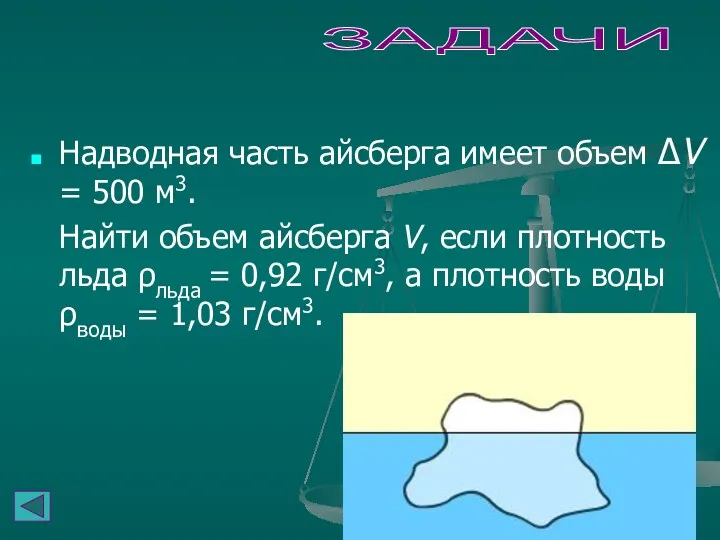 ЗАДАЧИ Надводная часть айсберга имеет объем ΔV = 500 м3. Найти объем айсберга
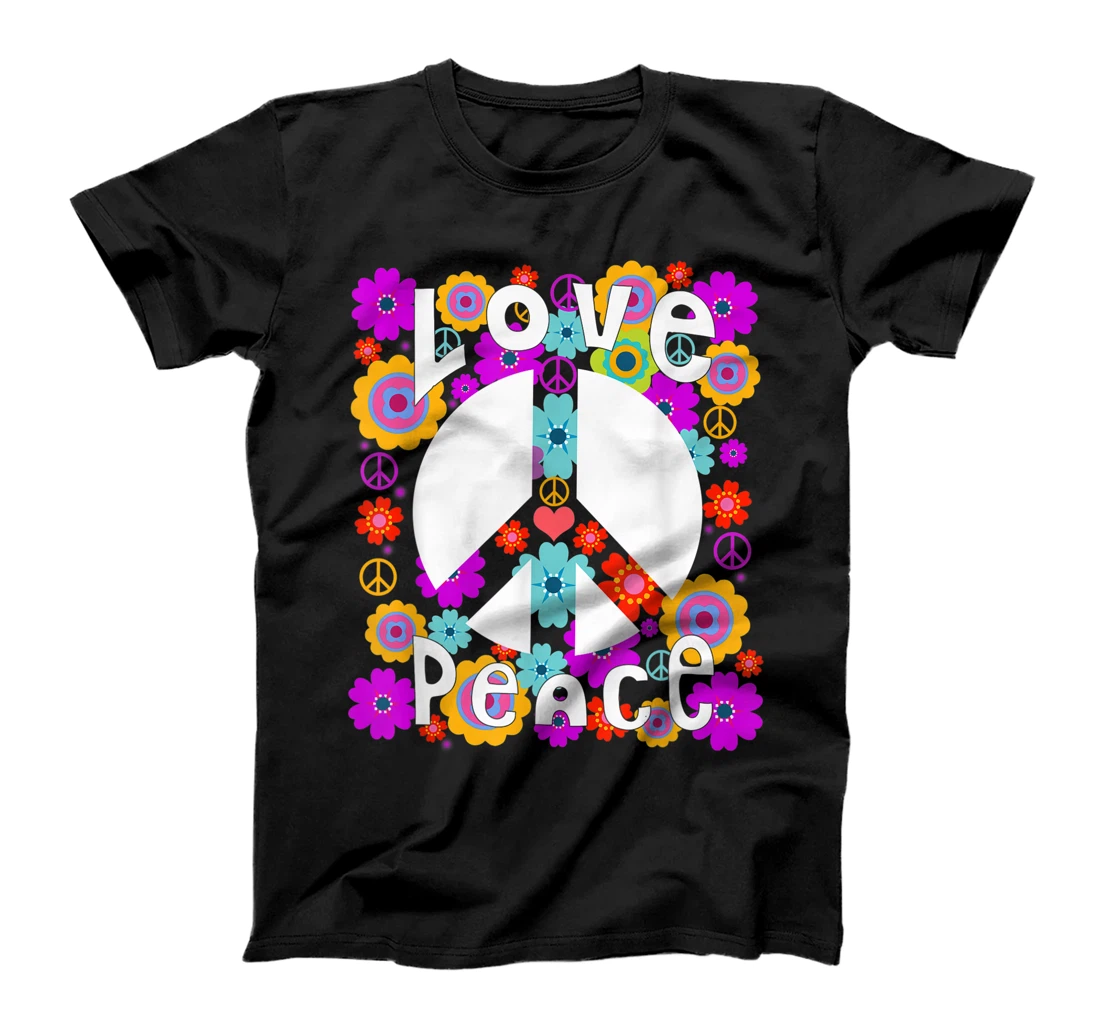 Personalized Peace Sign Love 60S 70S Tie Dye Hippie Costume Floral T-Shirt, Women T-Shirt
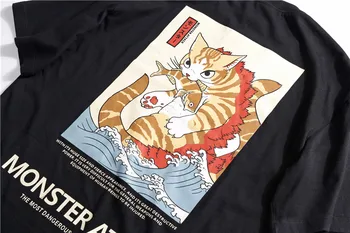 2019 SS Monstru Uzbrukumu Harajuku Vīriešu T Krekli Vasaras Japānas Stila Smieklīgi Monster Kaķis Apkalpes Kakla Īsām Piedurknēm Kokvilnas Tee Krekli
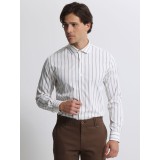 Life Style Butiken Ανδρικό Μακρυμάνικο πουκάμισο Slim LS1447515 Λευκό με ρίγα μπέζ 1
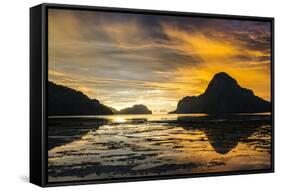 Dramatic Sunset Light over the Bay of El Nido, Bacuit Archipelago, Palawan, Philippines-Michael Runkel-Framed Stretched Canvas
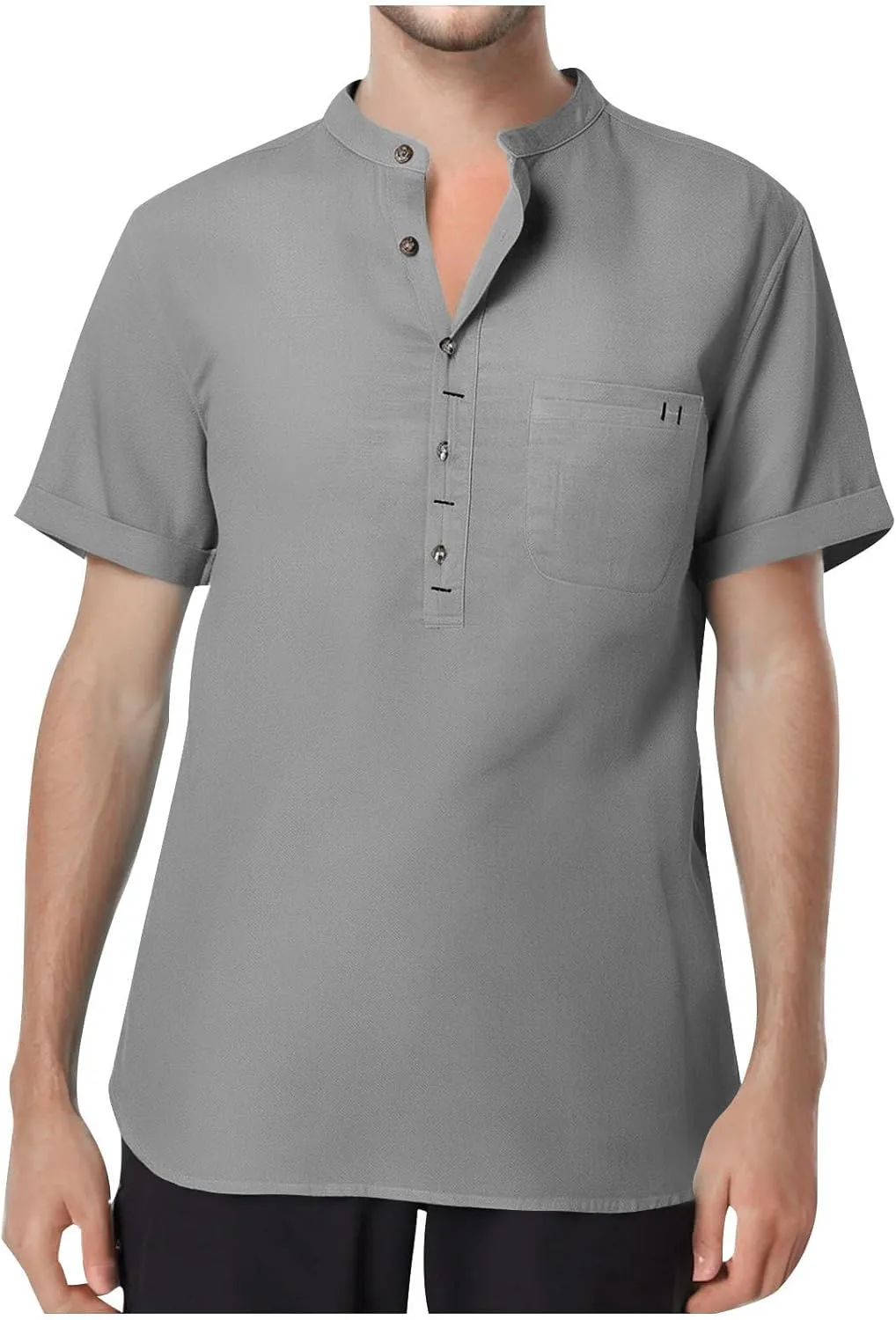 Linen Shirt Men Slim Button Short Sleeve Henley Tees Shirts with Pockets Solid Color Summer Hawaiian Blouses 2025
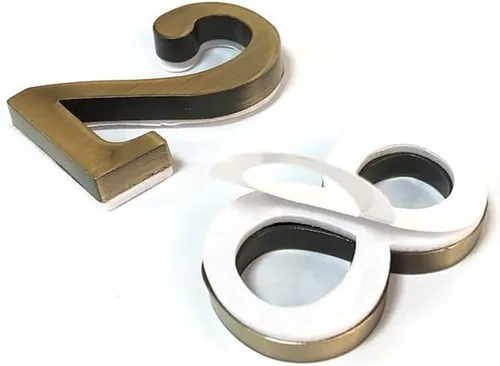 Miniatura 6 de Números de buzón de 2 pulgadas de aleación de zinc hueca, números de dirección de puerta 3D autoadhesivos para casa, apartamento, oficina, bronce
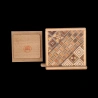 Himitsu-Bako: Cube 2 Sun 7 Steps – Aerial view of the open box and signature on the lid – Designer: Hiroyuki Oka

---

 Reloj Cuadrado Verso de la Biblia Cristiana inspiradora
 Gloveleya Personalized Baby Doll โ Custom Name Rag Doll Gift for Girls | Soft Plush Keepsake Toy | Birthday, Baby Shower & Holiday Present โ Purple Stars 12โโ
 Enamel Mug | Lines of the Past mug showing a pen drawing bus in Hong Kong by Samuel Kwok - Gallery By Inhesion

■ Task instructions: Both the line containing "Life Style Butiken" and the line containing "Linen Shirt Men" above belong in the output, as do the lines between them. Print them exactly, without pictures.

■ Written solution:
 Life Style Butiken Ανδρικό Μακρυμάνικο πουκάμισο Slim LS1447515 Λευκό με ρίγα μπέζ 1
 Dramatic Sunset Light over the Bay of El Nido, Bacuit Archipelago, Palawan, Philippines-Michael Runkel-Framed Stretched Canvas
 Linen Shirt Men Slim Button Short Sleeve Henley Tees Shirts with Pockets Solid Color Summer Hawaiian Blouses 2025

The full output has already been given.